Pop-and-jazz gumbo

A lively night of varying styles from two New Orleans heavyweights

Crescent City crew: Allen Touissaint with the Preservation Hall Jazz Band.

Crescent City crew: Allen Touissaint with the Preservation Hall Jazz Band.

photo by brittany waterstradt

Chico Performances presents Allen Toussaint and the Preservation Hall Jazz Band, Friday, Nov. 21, at Laxson Auditorium, Chico State.

Whitney Balliett, the brilliant jazz critic for The New Yorker, once described jazz as “the sound of surprise” and that certainly jibed with my reaction to New Orleans’ Preservation Hall Jazz Band’s performance at Laxson Auditorium last Friday night.
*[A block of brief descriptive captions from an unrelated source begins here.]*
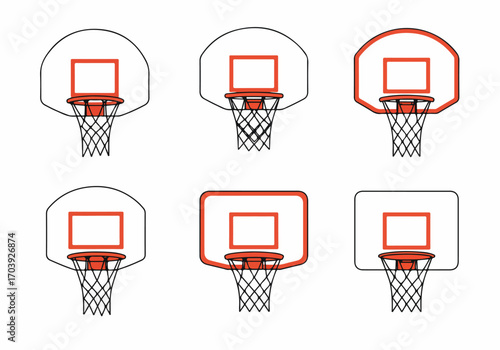 Vector set of diverse basketball backboards and hoops with nets, featuring various shapes and designs, isolated on a clean white background.
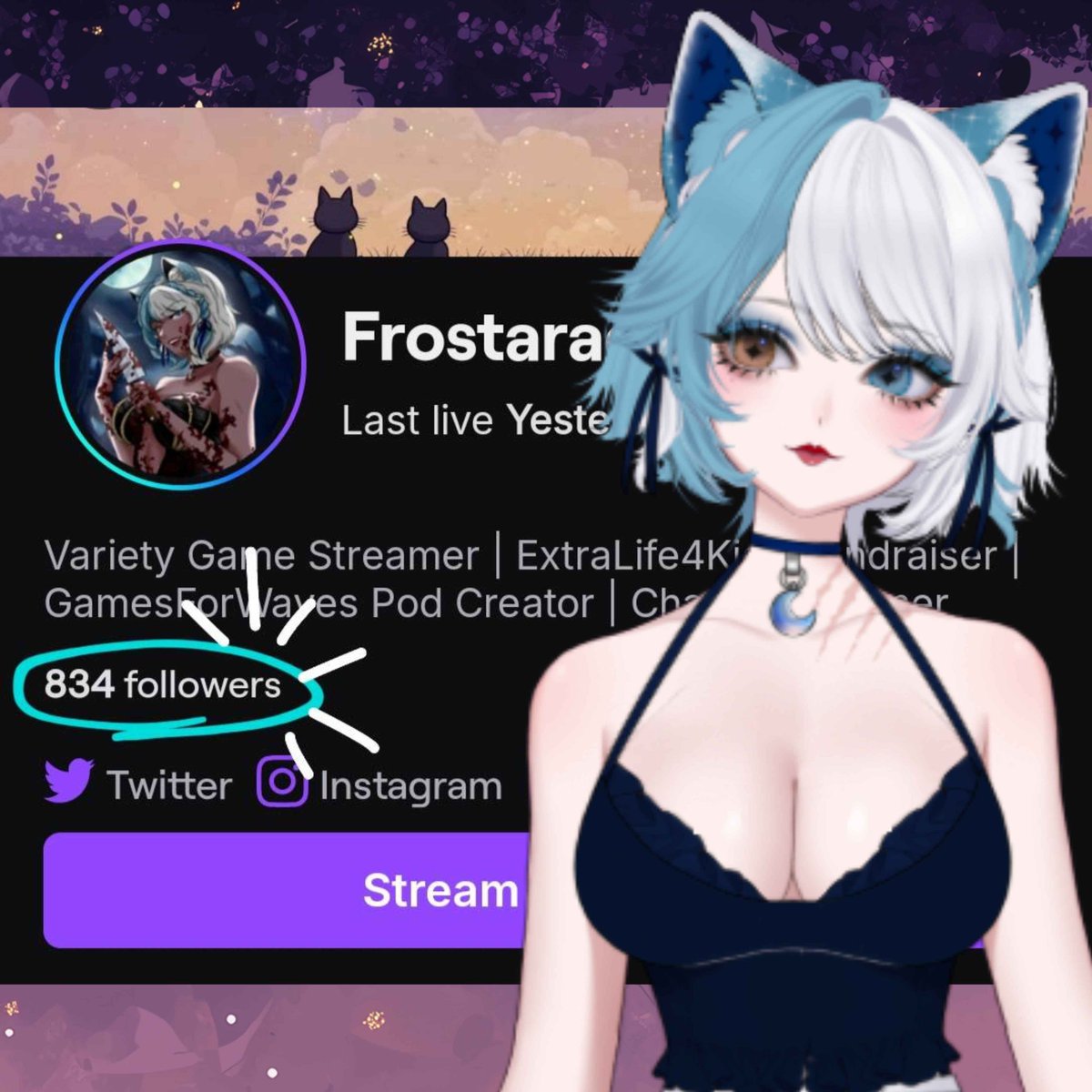 Frostarae's tweet photo. 834 followers?! 🐺💙

Thank you all so much for the love &amp; support it truly means the world to me! I’m a charity streamer over on Twitch, howling for good causes *Awooo*! If you love horror vibes, eerie fun &amp; cute cozy chaos, come join us in the shadows ❄️💙🩵 https://t.co/A6sxqqniux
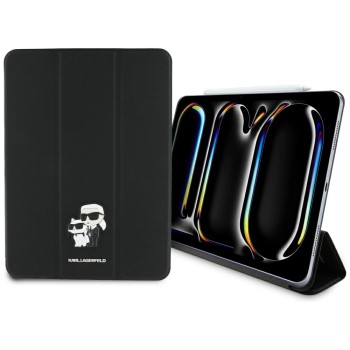 Karl Lagerfeld Saffiano Magnetic Karl &amp;amp; Choupette iPad Pro 11" 2024 Book Cover Case - Black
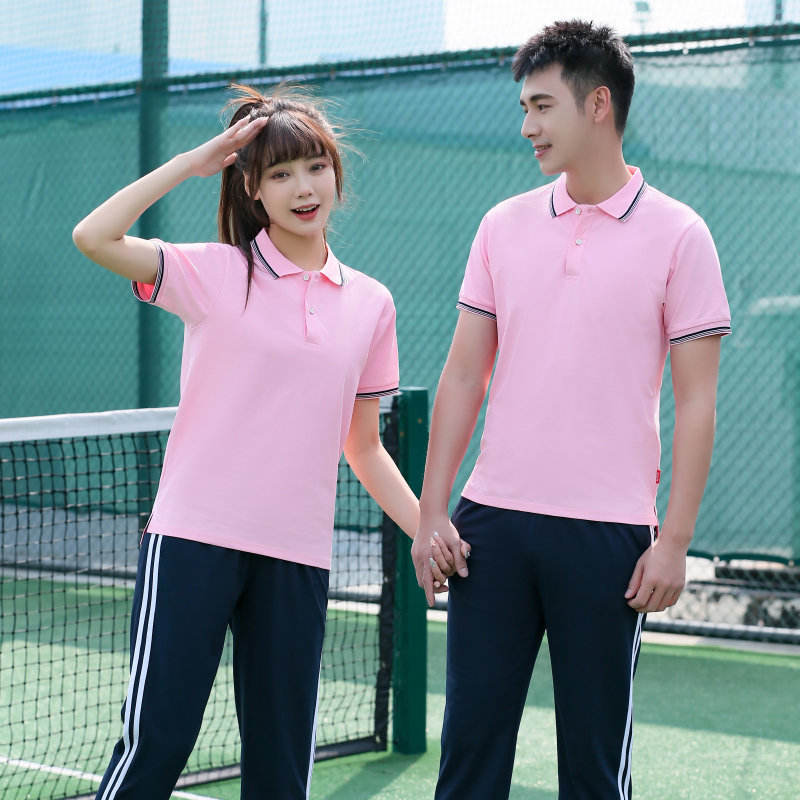 Fashion sports casual school uniform short-sleeved lapel tops KI2-5599 single tops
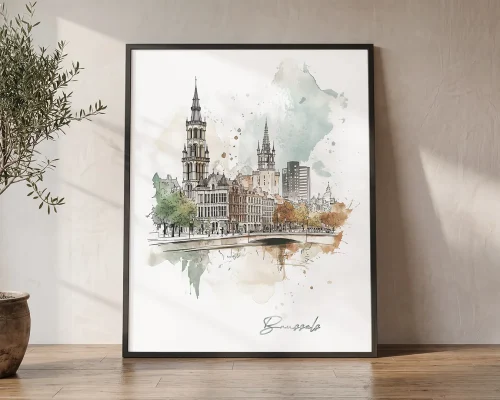 Brussels Drawing Watercolor Wall Art Print | ArtPrintsVicky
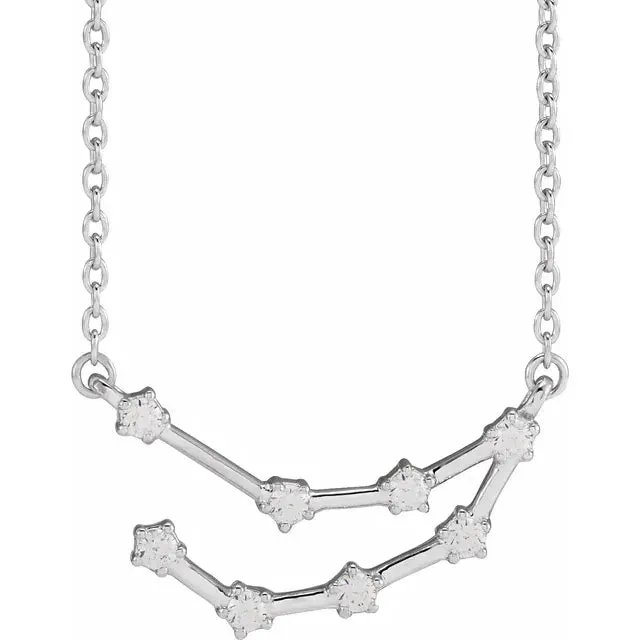 302 Fine Jewelry Necklaces Constellation Zodiac Natural Diamond Adjustable Necklace 14K Yellow White Rose Gold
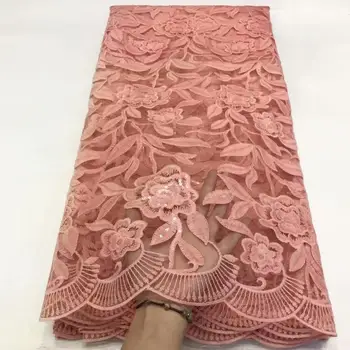 

latest peach-colored African embroidered tulle fabric 2020 high quality French milk silk lace fabric with 3D sequins in 5 yards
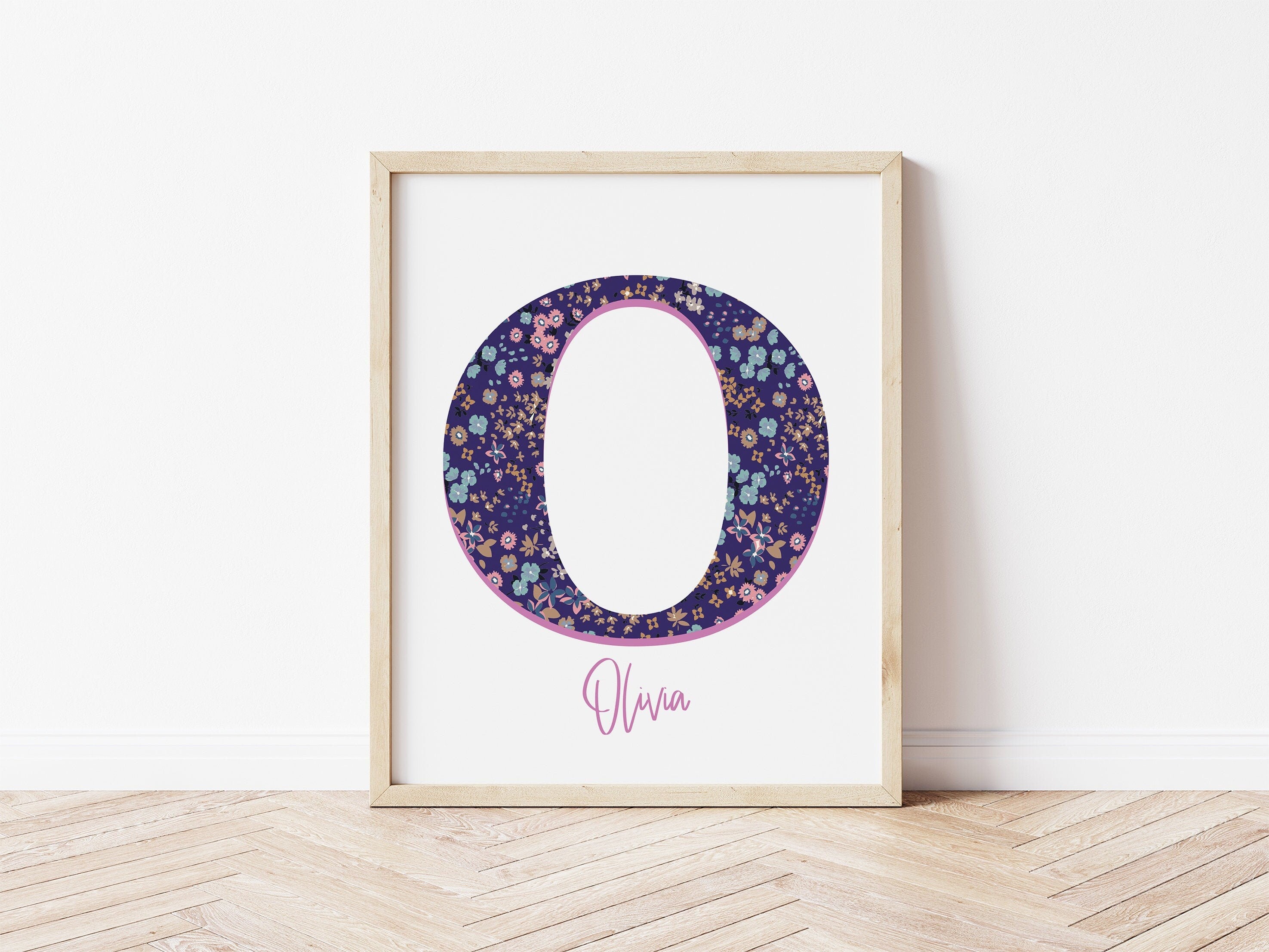 personalised navy ditsy Print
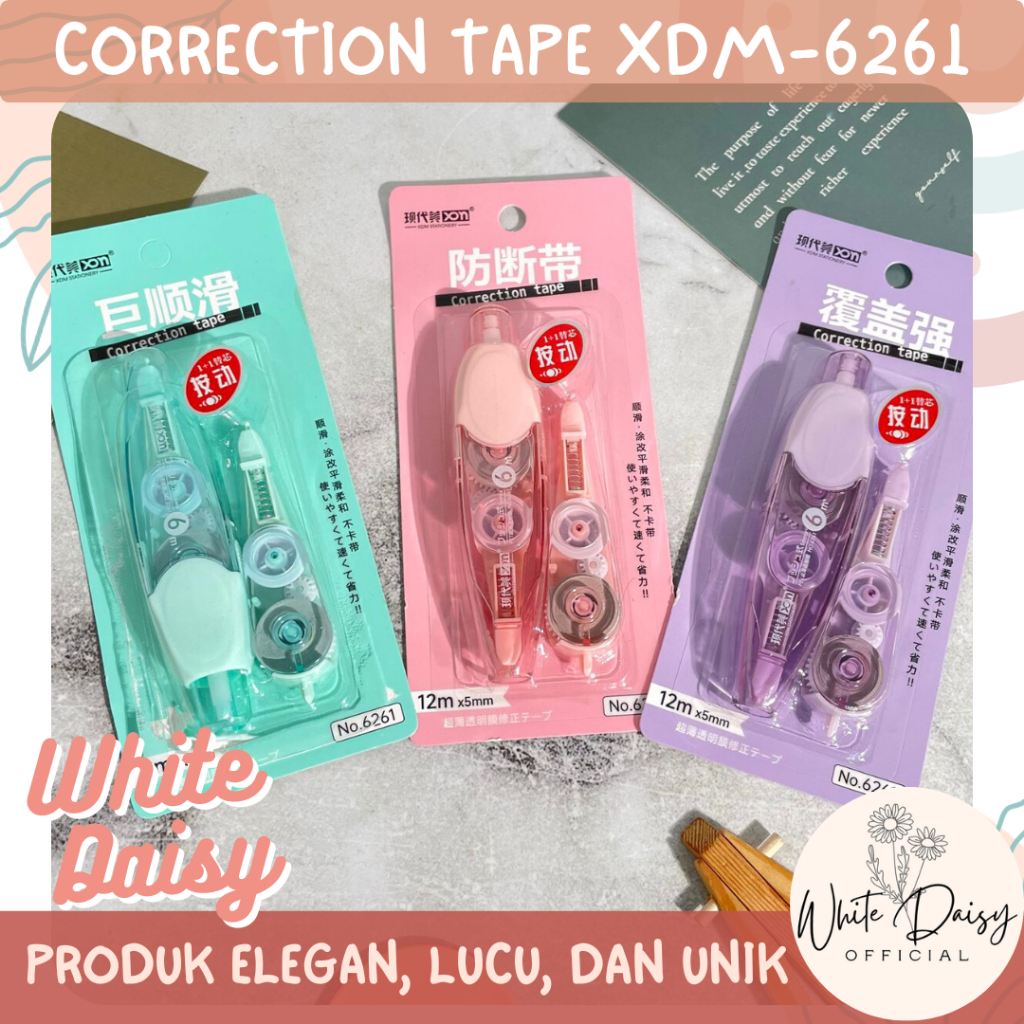 

Correction tape XDM-6261 Premium + Refill warna pastel imut unik lucu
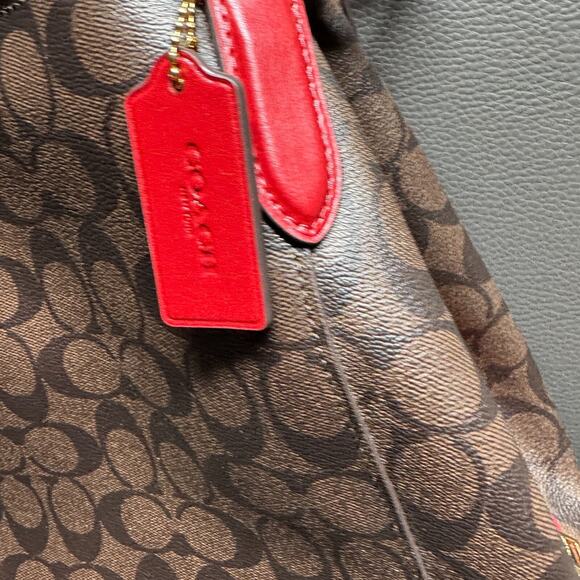 Coach Hallie In Signature Canvas Shoulder Bag Brown True Red NWT $398 - Picture 6 of 12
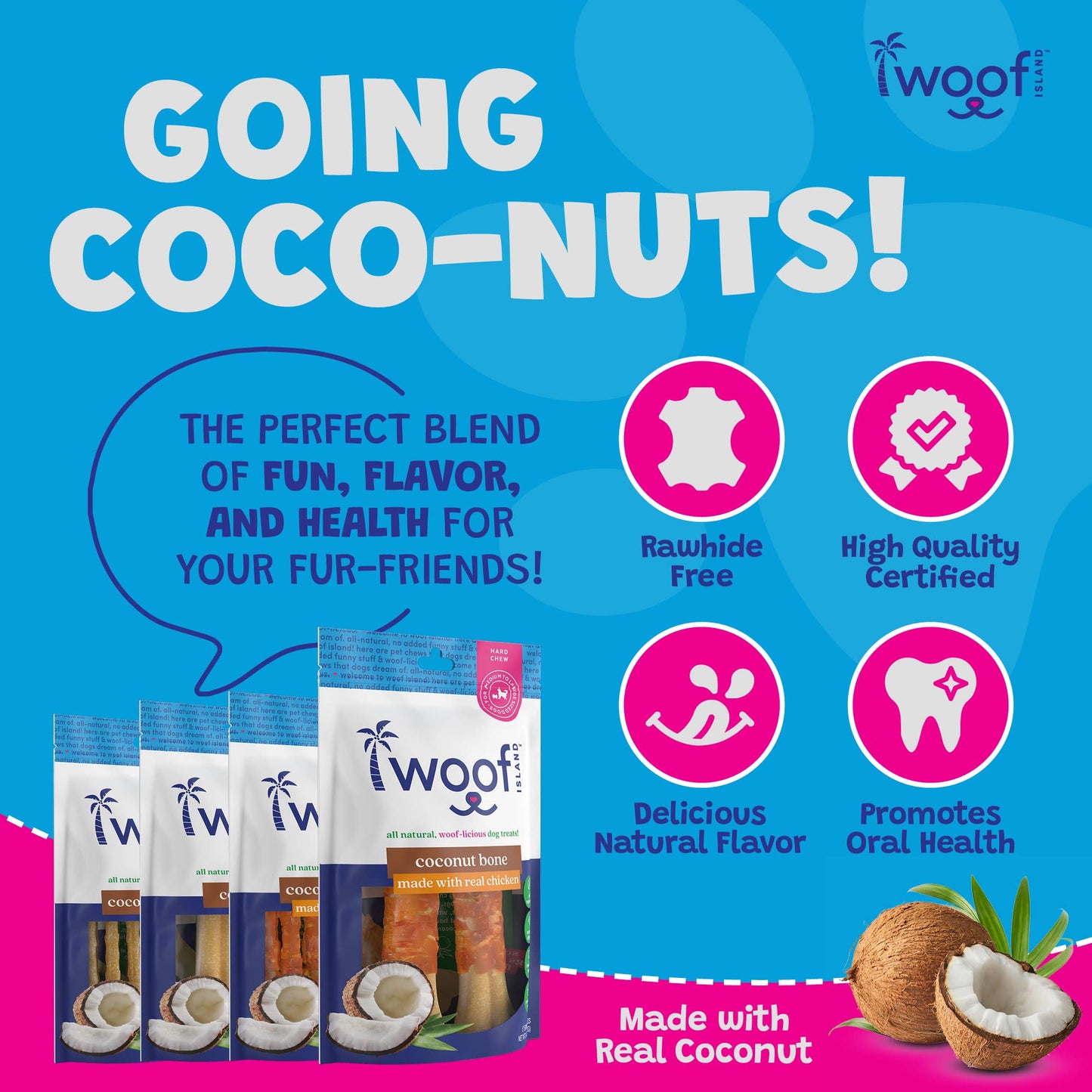 🥥🦴 Woof Island™ Coconut Bones – All-Natural Rawhide-Free Dog Chews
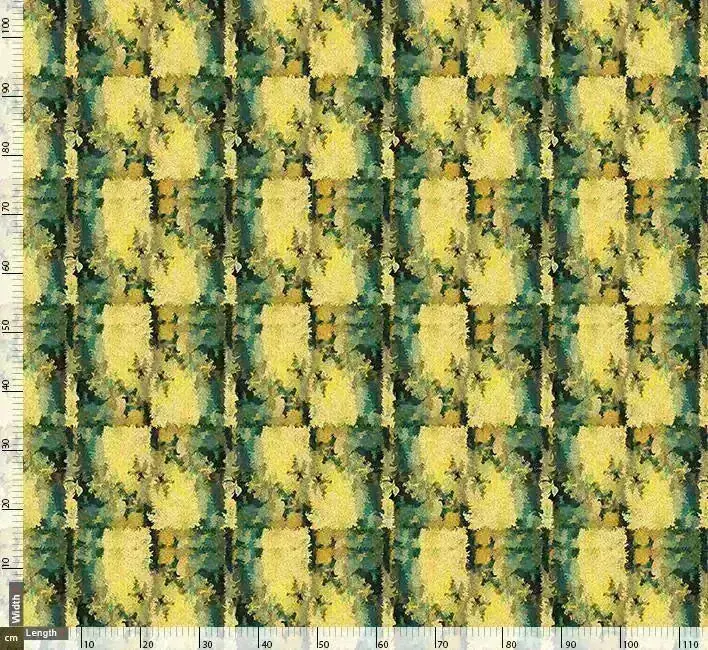 Rustic Green And Yellow Block Repeat Digital Printed Fabric - Image 3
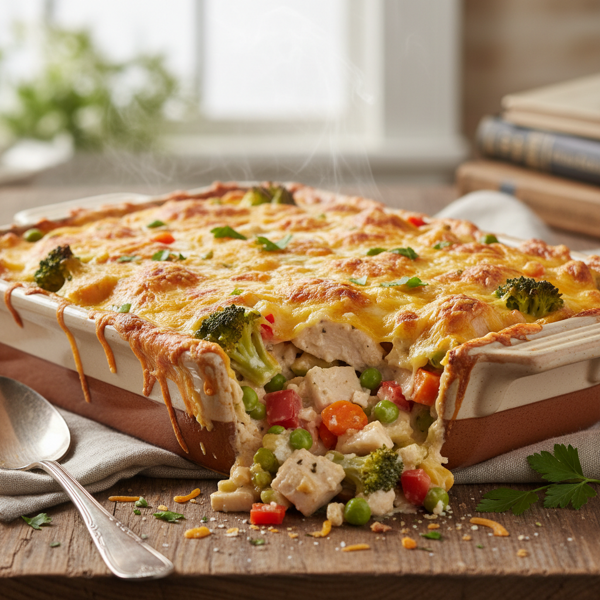 Creamy Cheesy Chicken & Veggie Casserole recipe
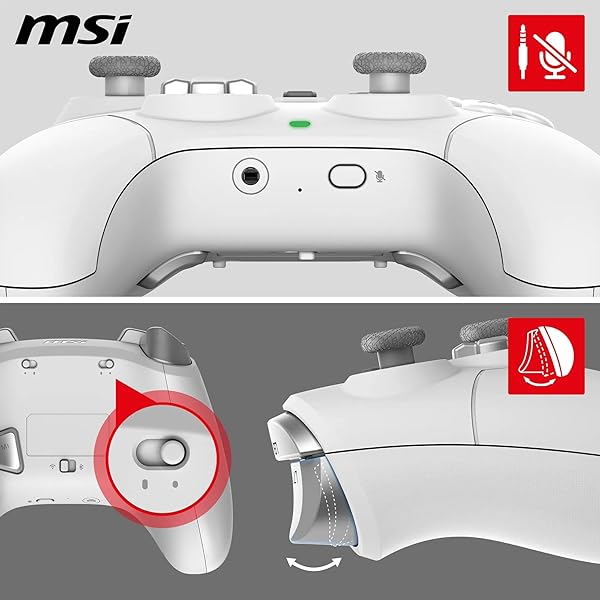 MSI FORCE GC300 WIRELESS WHITE PC GAMEPAD CONTROLLER – 2.4 GHZ, BLUETOOTH, USB TYPE-C TO A – WIRED/WIRELESS, 600MAH LI-ION BATTERY (20H), INTERCHANGEABLE D-PAD COVERS, DUAL VIBRATION MOTORS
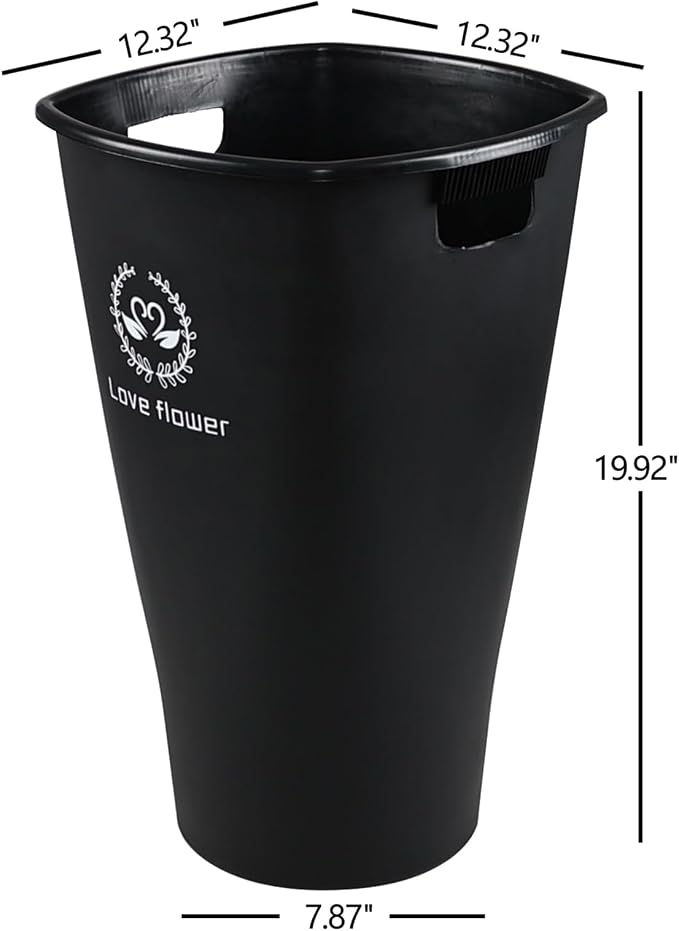Teyyvn Floral Buckets, 4-Pack Tall Plastic Flower Containers, Black | 19.92 Inch, Durable Vase Buckets for Fresh-Cut Flowers, Arrangements, Wedding, Event, and Retail Display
The PHJB was formed in 1961 to promote and preserve New Orleans jazz and a couple of years later began touring the world. They now spend about half the year on the road and this, their Oh Yeah! Tour, next takes them to the San Francisco Jazz Center and in January onto a six-day cruise in the Caribbean before winding up at a Mexican resort for four days.

Their mission is more than celebrating the New Orleans jazz tradition. Rickie Monie, the piano player, says it best: “We’re not a museum. We’re a living, breathing part of New Orleans.” This is where the “sound of surprise” hit me as their repertory really threw me a curve, involving both more and less than I’d expected.

After a few nontraditional tunes by the band—Ronell Johnson, tuba; Charlie Gabriel, tenor sax/clarinet; Clint Maedgen, tenor sax; Mark Braud, trumpet; Freddie Lonzo, trombone; Ben Jaffe, bass; Joe Lastie Jr., drums; and Monie on piano—they were joined by pianist/composer Allen Toussaint. I’m not that up on Toussaint’s oeuvre, which includes many songs written for and covered by famous pop and R&B artists, and several of the unannounced tunes drifted by unrecognized.

Toussaint’s a cheery guy who’s had a long, successful career—he’s been inducted into the Rock and Roll, the Blues, and the Louisiana Music halls of fame—and had quite a bit to say, especially when introducing “Yes We Can,” a song that was a hit for the Pointer Sisters. “They went to the bank with it,” he said, “and took me along, too.” Naturally this got a laugh out of the packed house. He then added that it turned out that he wrote his best songs for others—like Boz Scaggs and Bonnie Raitt. And mentioning how the Grateful Dead covered of one of his songs got a rise out of the crowd when he added, “I’m a Deadhead.”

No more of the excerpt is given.